Because the structure had already been validated, the high-fidelity work was less about inventing new flows and more about refining the experience for clarity, consistency, and build readiness.
This included:
improving the hierarchy of the prescription list
refining the common prescription picker
simplifying the prescription form layout
designing batch prescription cards
clarifying the review and finish step
refining empty states and settings
designing print preview and prescription detail views
tightening microcopy across actions, hints, warnings, and labels
I also worked through QA-style design reviews during build, checking that the implemented product still matched the intended workflow.


Beta Release
After testing and refinement, engineers built the product and released it as a beta.
It is still early, so we are not claiming long-term impact yet. However, early impressions from beta users and internal teams have been strong.
The dedicated workflow appears easier to understand than the previous correspondence-based approach, and the common prescriptions pattern is showing strong potential for reducing repeated manual entry.
Just as importantly, the team now has a measurable foundation for learning from real usage.
Measurement
To evaluate the beta, we are monitoring key events in Mixpanel.
The goal is to understand where users move smoothly, where they hesitate, and which parts of the workflow create the most value.
Key events include:
prescription flow started
common prescription selected
blank prescription started
add-more flow used
batch prescription created
review step reached
prescription finished
print preview opened
prescription printed
prescription cancelled
drop-off points within the flow
This data will be reviewed alongside qualitative feedback from beta practices.
The next step is to use this evidence to refine the workflow before wider release and inform future prescribing capabilities.
Impact
The biggest impact so far has been reducing product uncertainty.
Before build, the team had a broad problem space with many possible directions. Through lightweight research, AI-assisted synthesis, and a working prototype, we were able to narrow the MVP into something practical, testable, and aligned with real practice behaviour.
The project helped the team:
validate the core workflow before engineering build
avoid over-scoping early e-prescribing features
align product, design, engineering, and clinical stakeholders
give users a clearer dedicated prescribing experience
create a scalable foundation for future prescribing improvements
set up analytics to measure real-world adoption and friction
The product is now in beta, with early positive signals and a clear measurement plan.
Reflection
This project reinforced the value of learning quickly before polishing deeply.
AI helped accelerate the process, but not by replacing research or design judgement.

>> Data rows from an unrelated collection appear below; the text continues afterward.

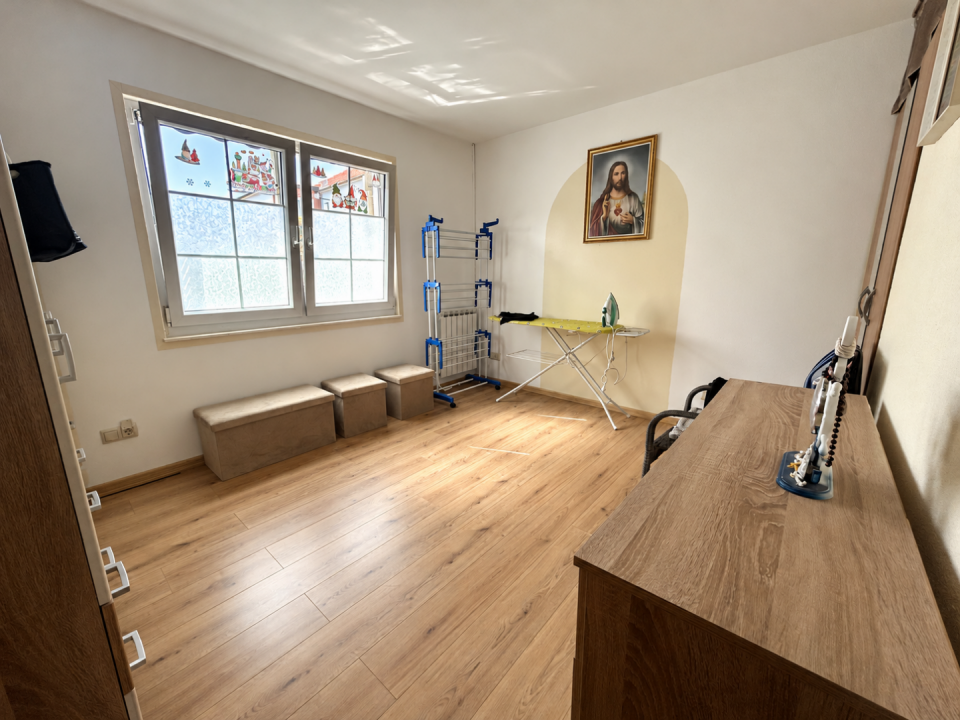 original_1792394649_sunlit-holiday-laundry-room.png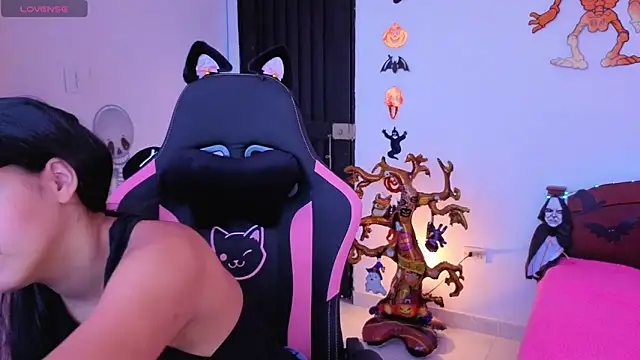 Victoriacarmo online show from October 25, 2025, 8:42 pm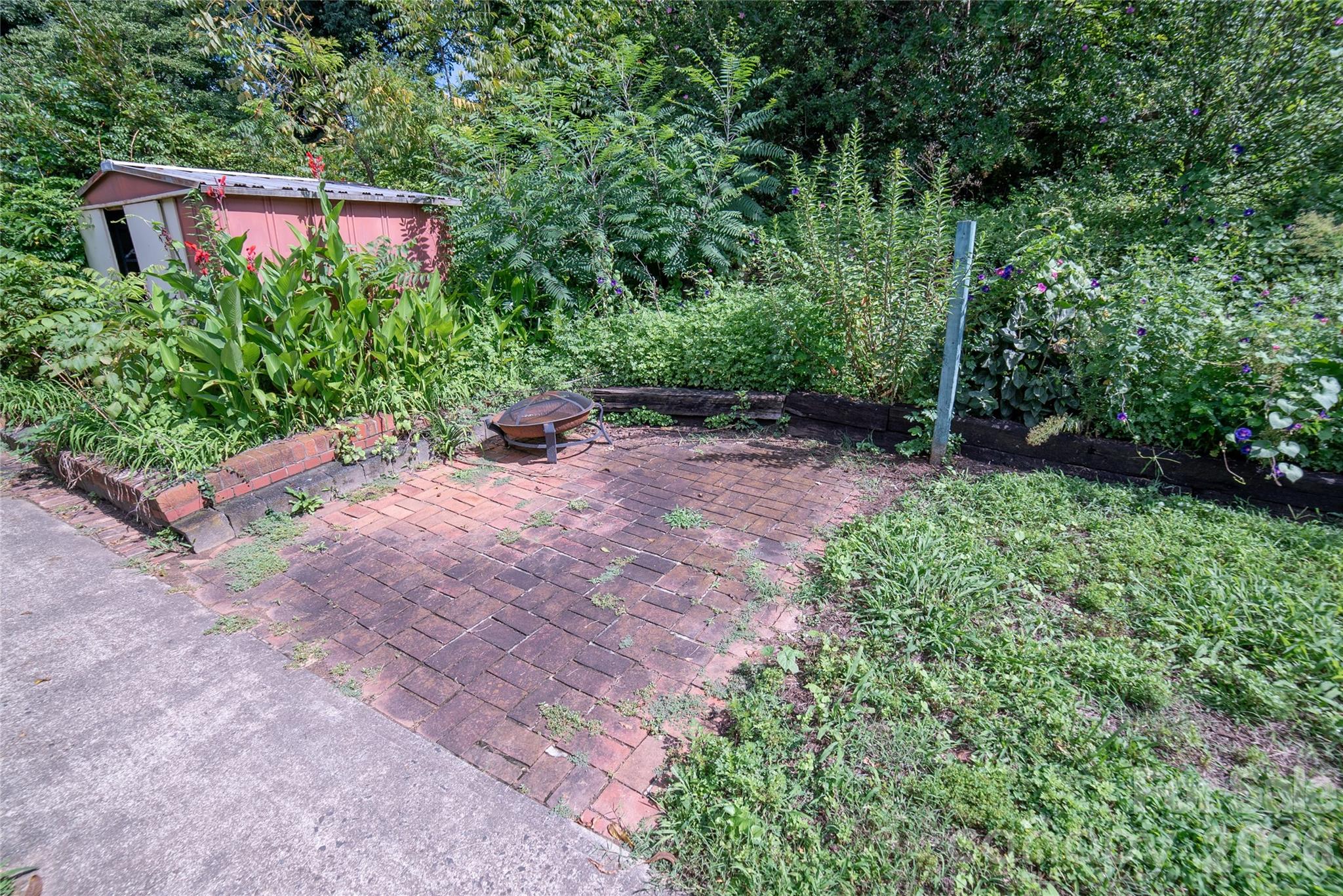 116 Clark Street — Morganton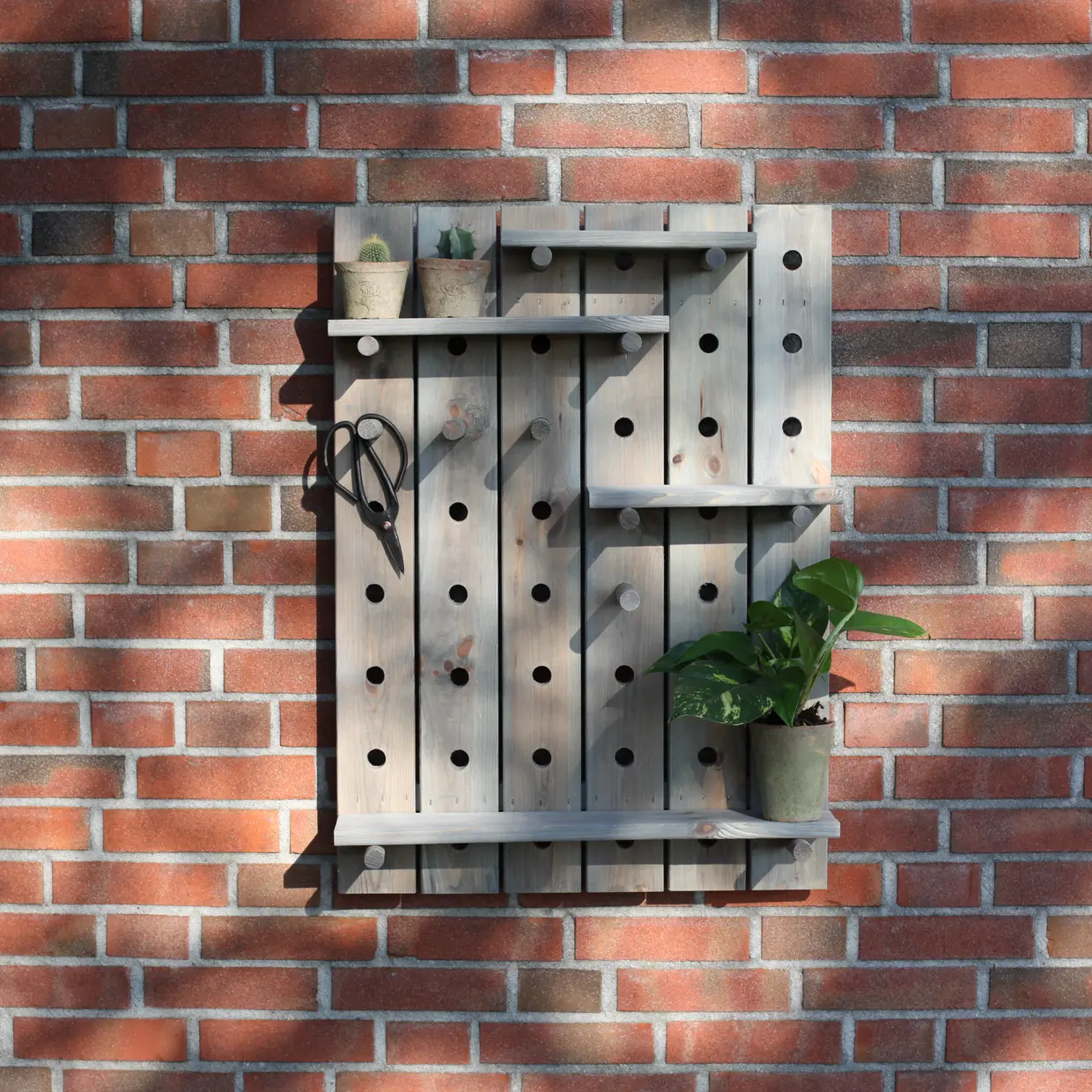 Holz Steckbrett für die Wand - Höhe 78 cm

It helped me synthesise feedback faster, explore more workflow options, and create a realistic prototype earlier than would have been possible through static design alone.
The most important design decision was actually one of restraint.
Rather than designing the most advanced prescribing system possible, we focused on the workflow users needed first: create, review, finish, print, and manage prescriptions with confidence.
That restraint made the MVP stronger.
It gave engineers a clearer build path, gave stakeholders confidence in the direction, and gave beta users a workflow that felt immediately understandable.
For me, the project showed that AI is most useful when it helps designers learn faster, not just produce faster.